EXERCISE —
When you reach the line that has "Used 2024 Subaru Outback Limited image 11" in the material below, reproduce it and each line after it exactly, through the last one.

RECORDS FOR THIS EXERCISE —
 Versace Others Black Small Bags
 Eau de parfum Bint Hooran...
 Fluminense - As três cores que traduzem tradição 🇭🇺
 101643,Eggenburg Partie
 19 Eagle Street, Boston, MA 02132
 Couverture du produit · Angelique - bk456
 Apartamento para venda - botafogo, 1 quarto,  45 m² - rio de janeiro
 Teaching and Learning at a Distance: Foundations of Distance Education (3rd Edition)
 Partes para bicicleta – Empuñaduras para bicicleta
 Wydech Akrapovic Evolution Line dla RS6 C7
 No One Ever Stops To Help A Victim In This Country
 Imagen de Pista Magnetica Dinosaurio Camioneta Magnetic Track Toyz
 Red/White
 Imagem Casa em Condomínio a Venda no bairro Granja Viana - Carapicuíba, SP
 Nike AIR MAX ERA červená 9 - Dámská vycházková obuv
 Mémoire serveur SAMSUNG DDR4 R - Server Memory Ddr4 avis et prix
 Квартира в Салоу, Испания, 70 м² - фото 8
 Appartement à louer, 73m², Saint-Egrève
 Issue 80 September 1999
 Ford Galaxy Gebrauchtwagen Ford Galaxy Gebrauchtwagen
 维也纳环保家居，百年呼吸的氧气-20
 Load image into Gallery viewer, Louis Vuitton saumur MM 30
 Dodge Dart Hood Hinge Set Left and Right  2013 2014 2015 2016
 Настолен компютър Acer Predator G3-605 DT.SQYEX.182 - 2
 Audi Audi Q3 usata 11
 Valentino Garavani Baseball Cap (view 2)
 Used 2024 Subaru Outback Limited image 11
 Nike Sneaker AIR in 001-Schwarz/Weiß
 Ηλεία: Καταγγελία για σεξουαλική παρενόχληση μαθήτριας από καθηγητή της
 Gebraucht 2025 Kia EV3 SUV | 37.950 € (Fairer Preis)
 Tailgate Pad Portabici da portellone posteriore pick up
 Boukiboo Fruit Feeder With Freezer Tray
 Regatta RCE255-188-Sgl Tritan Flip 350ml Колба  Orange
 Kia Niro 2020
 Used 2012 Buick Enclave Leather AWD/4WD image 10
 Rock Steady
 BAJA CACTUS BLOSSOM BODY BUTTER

WRITTEN SOLUTION —
 Used 2024 Subaru Outback Limited image 11
 Nike Sneaker AIR in 001-Schwarz/Weiß
 Ηλεία: Καταγγελία για σεξουαλική παρενόχληση μαθήτριας από καθηγητή της
 Gebraucht 2025 Kia EV3 SUV | 37.950 € (Fairer Preis)
 Tailgate Pad Portabici da portellone posteriore pick up
 Boukiboo Fruit Feeder With Freezer Tray
 Regatta RCE255-188-Sgl Tritan Flip 350ml Колба  Orange
 Kia Niro 2020
 Used 2012 Buick Enclave Leather AWD/4WD image 10
 Rock Steady
 BAJA CACTUS BLOSSOM BODY BUTTER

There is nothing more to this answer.